O tempo estava a esgotar-se e Nicole não tinha solução, simplesmente porque ninguém se candidatava ao seu tão querido, tão “precioso” gato siamês. Mas Nicole não ia desistir do seu plano. Isso nunca, jamais… e para grandes males, grandes remédios. E assim viu-se obrigada a tomar outra dura decisão. Uma decisão de peso, mas tudo por “amor”: mandar abater o bichano. Sem dúvida, tudo por amor(!?), porque amava demais o seu bicho para o deixar a sofrer. E com ele morto, o seu (dela) problema estava resolvido e finalmente poderia partir, livre de tudo o que ficava para trás, simplesmente porque nada daquilo lhe fazia mais falta…

Agora sim, Nicole estava livre. Podia respirar aliviada, porque não havia pedra nem entrave no seu caminho. Na Austrália seria feliz, finalmente, na sua nova família, onde tudo seria perfeito. O seu gato não ficara em sofrimento, simplesmente porque tomara a decisão certa, segundo a sua ótica. Nicole desapareceu, pois, da face da terra portuguesa, para aparecer no outro lado do mundo e sem o seu tão querido gato, que muito provavelmente não aguentaria a viagem (!)…
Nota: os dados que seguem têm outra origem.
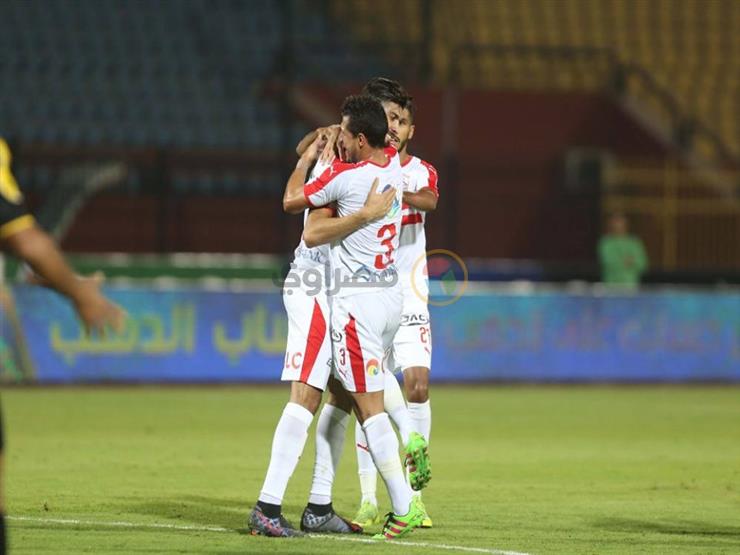 الزمالك يزيح الأهلي من الصدارة مؤقتًا بفوز صعب على المقاولون الزمالك يزيح الأهلي من الصدارة مؤقتًا بفوز صعب على المقاولون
Mas ela aguentou e como! Chegou feliz como nunca antes. Instalou-se na sua nova casa, na sua nova vida e na sua nova família. Pronta a dar tudo por tudo para ser feliz a qualquer preço. As amigas portuguesas e não só, poderiam dar disso testemunho pelos registos do Facebook e outras coisas mais. As fotos eram uma postagem infindável e fidelíssima. O seu tempo tinha chegado. A sua hora estava mais do que na hora. Nicole tinha toda uma vida pela frente com o seu amado Eric, que até parecia ser uma boa pessoa.

O amor está envolvido em estranhos sentimentos. Por vezes parece que animais sentem como humanos e humanos como animais. Que coisa estranha!? Talvez eles nos pudessem ensinar e dar lições de amor, se lhes déssemos essa oportunidade!? Quando nos pomos a analisar os sentimentos, se é que isto é possível, descobrimos um oceano desconhecido e indecifrável.

Mas o tempo passou… e um belo dia, talvez um ano depois, talvez nem tanto, no meio de tanta alegria, subitamente, apareceu quem não estava faltando, quem não fazia absolutamente falta. Nicole não queria, não queria mesmo, de tanto que já amava Eric. Mas ela foi mais forte e contra tudo e todos cumpriu a sua missão. O destino por vezes é cruel, tanto para os animais como para o homem!

 Pois é… a morte fez-se presente e levou Eric para sempre.